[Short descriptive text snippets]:
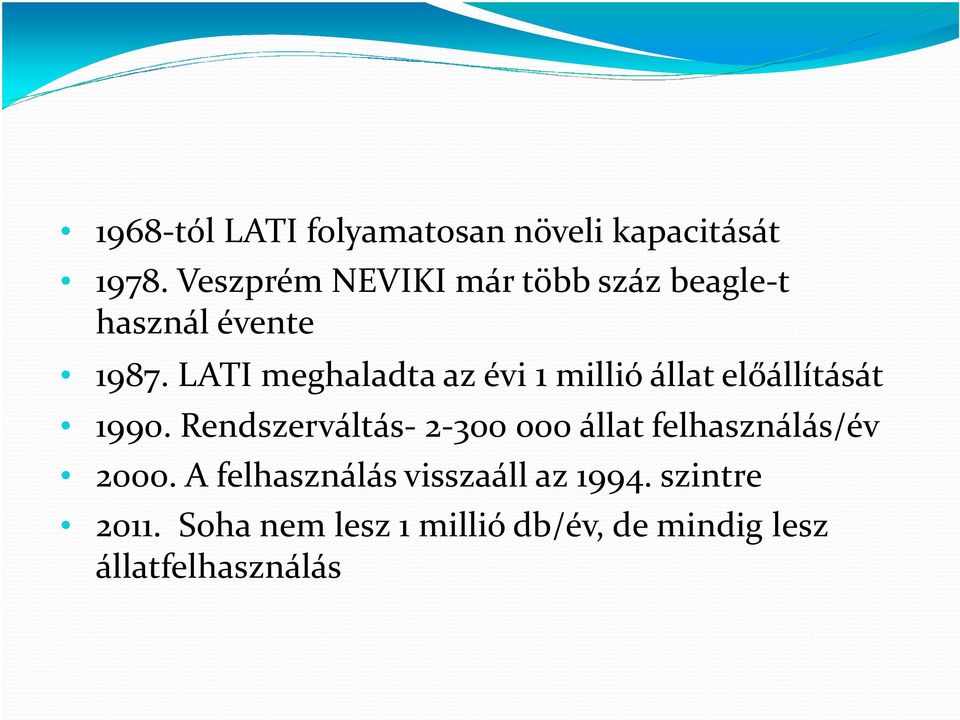 LATI meghaladta az évi 1 millió állat előállítását 1990.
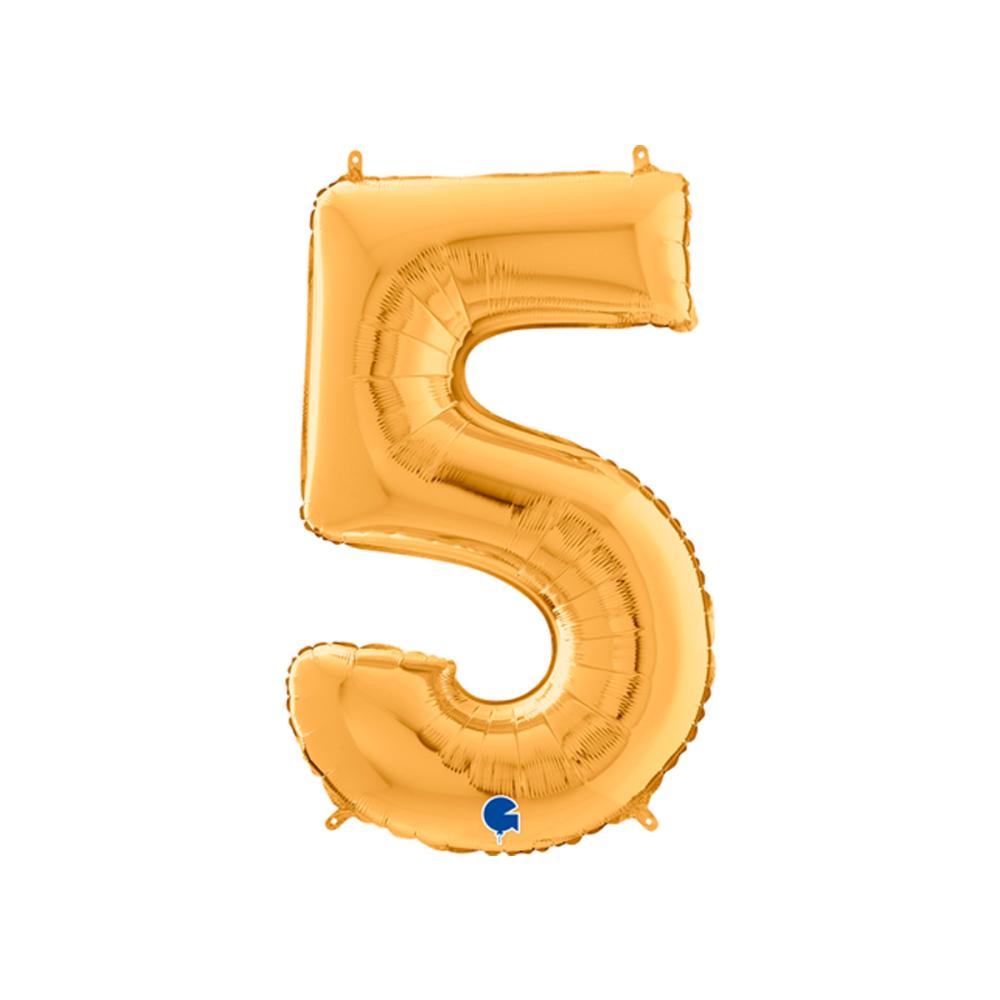 Ballongsiffra - Fem Guld 66 cm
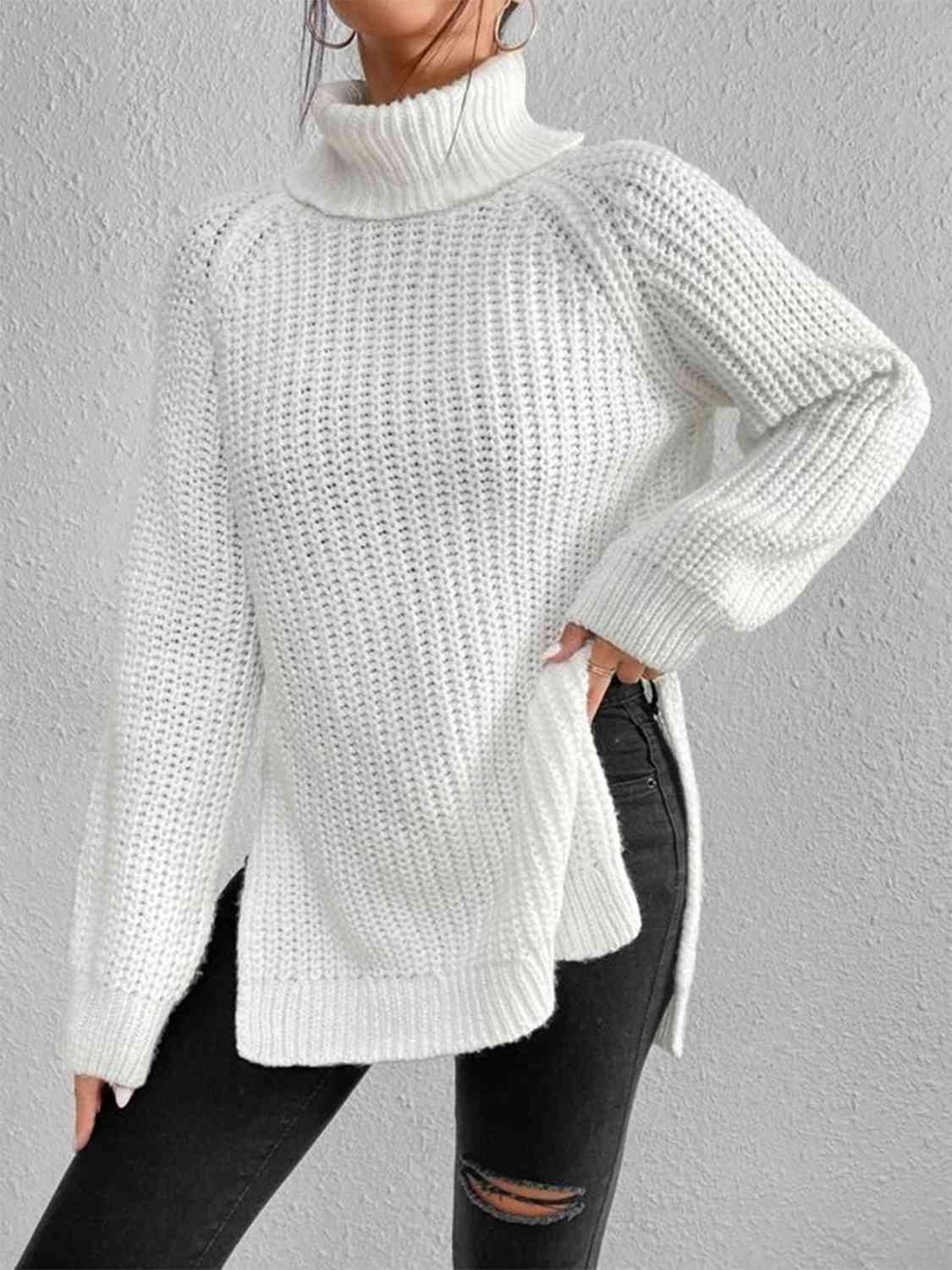 Full Size Turtleneck Rib-Knit Slit Sweater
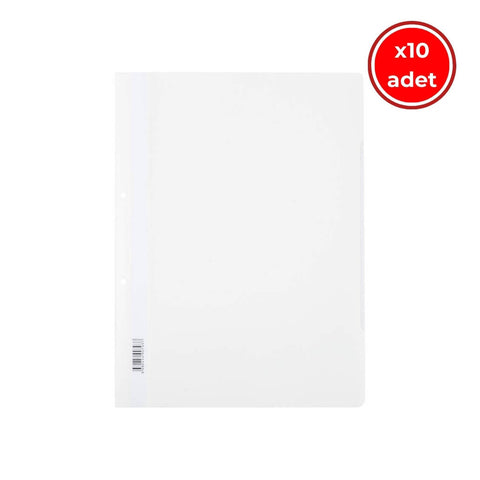 Kraf Telli Dosya, 10 Adet, 50'li Paket, A4, 2 Delikli, Beyaz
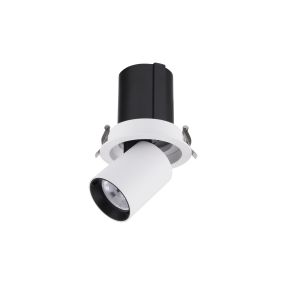 Nova Luce Naruto - spot à encastrer - Ø 90 mm à encastrer - 15W LED inclus - blanc avec noir - couleur de lumière blanc chaud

[Description of the task]: Counting the line with "Kraf Telli Dosya, 10" and the last line of the data above, transcribe those two lines and every line between them exactly, without the pictures.

[Output below]:
 Kraf Telli Dosya, 10 Adet, 50'li Paket, A4, 2 Delikli, Beyaz
 Nova Luce Naruto - spot à encastrer - Ø 90 mm à encastrer - 15W LED inclus - blanc avec noir - couleur de lumière blanc chaud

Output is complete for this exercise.